Il a trouvé la Russie dans un état chaotique – souvenez-vous, les Américains avaient envoyé des équipes d’économistes en Russie, pour conseiller Eltsine. Eltsine avait été un bon ami de M. Clinton, il était vraiment « notre gars ». En 1996, alors que ses sondages d’opinion étaient mauvais, Eltsine a été réélu président. Il y a toujours eu de grandes questions en Russie, cela a été considéré comme une élection frauduleuse, et il y a beaucoup de preuves en ce sens. Il a également obtenu un prêt surprise du FMI, vraiment important, à la dernière seconde, pour maintenir cette économie.
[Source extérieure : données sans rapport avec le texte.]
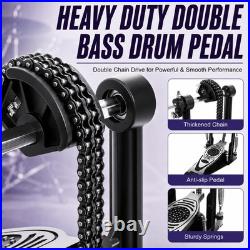 Double Bass Drum Pedal, Heavy Duty Double Chain Drive Kick Pedal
Notre expérience en Russie n’a pas fonctionné : privatisations, transformation de toutes les entreprises publiques. Cela a installé beaucoup de corruption, celle dont nous nous plaignons actuellement. Beaucoup de cette corruption est venue de cette période. Parce que ceux qui étaient intelligents ont eu le tour gratuit. Les gens qui se conformaient aux règles, qui les respectaient, qui avaient des régimes de retraite, des régimes de sécurité sociale, ont vraiment été baisés. [Rires.] C’est ainsi que le PIB de la Russie a perdu environ 40%. C’était un effondrement pire pour eux que la Deuxième Guerre mondiale, qui a causé un préjudice énorme à la Russie. Comme Kennedy l’a dit : « Un tiers des États-Unis, de Chicago à New York, était détruit. » Elle est tombée à peu près au niveau de l’économie de la Hollande.

Depuis que Poutine est entré en fonction, la situation s’est vraiment retournée. Les niveaux de revenu ont augmenté. Il y a toujours des problèmes de pauvreté et des écarts, ceux-ci viennent des années 1990. Les privatisations ont été transformées, modifiées. Il croit en une économie capitaliste de marché, plus du côté européen que du côté américain. Il a promulgué une réforme financière. Il s’est fait de nombreux ennemis, comme vous pouvez le dire, des gens qui avaient profité des années 1990. Pas tous, mais beaucoup se sont exilés, ils ont pris l’argent et sont partis.


The Nation :Les oligarques ?

Stone : Ouais, on les appelait les oligarques. Beaucoup sont restés et ont travaillé avec le gouvernement.

The Nation : La Russie devrait-elle être un partenaire de l’Amérique en terme de sécurité nationale, au lieu d’être vue comme l’ennemi public numéro un ?

Stone : Absolument. L’Amérique et la Russie ont beaucoup d’intérêts communs, y compris la guerre contre le terrorisme. Dans l’espace, ils seraient des alliés essentiels. Nous ne devrions pas militariser l’espace, ce qui est l’une de leurs plaintes. Le contrôle du climat, certainement… Il y a de l’espoir qu’il y ait des partenariats dans tous ces domaines – et pour être des partenaires dans tout cela – et pour un monde sûr.

The Nation :Vous avez été un grand critique des médias dominants. Que pensez-vous de la vision qu’ont ces derniers de Poutine ?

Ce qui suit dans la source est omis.